-- Exercise data follows --

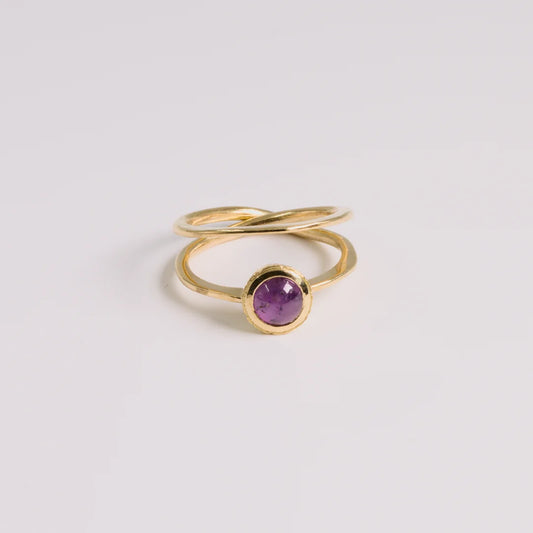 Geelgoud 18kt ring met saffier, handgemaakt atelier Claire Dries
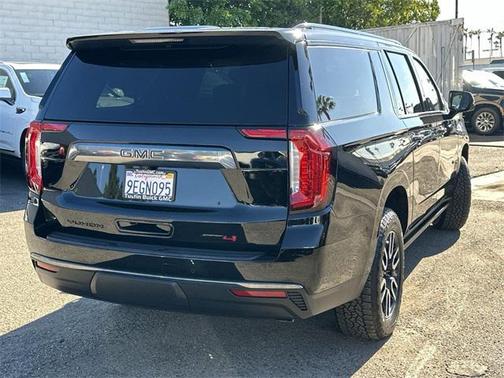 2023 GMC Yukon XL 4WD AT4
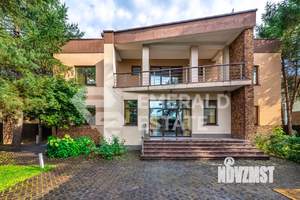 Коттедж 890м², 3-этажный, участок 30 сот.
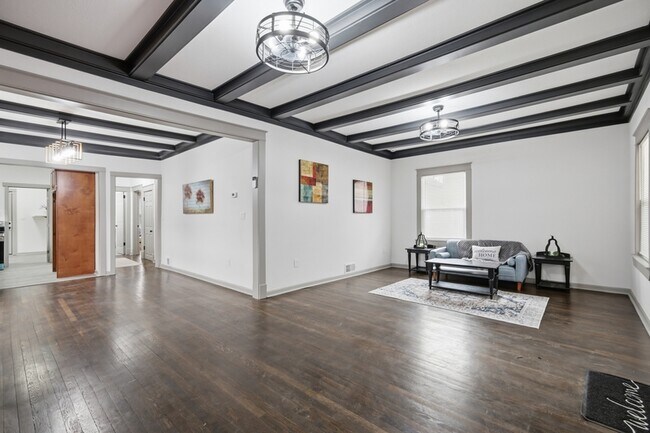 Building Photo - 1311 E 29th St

-- Exercise data concluded --

> _Brief_
Copy every line above exactly, leaving no picture in the copy.

> _Answer section_
 Geelgoud 18kt ring met saffier, handgemaakt atelier Claire Dries
 2023 GMC Yukon XL 4WD AT4
 Коттедж 890м², 3-этажный, участок 30 сот.
 Building Photo - 1311 E 29th St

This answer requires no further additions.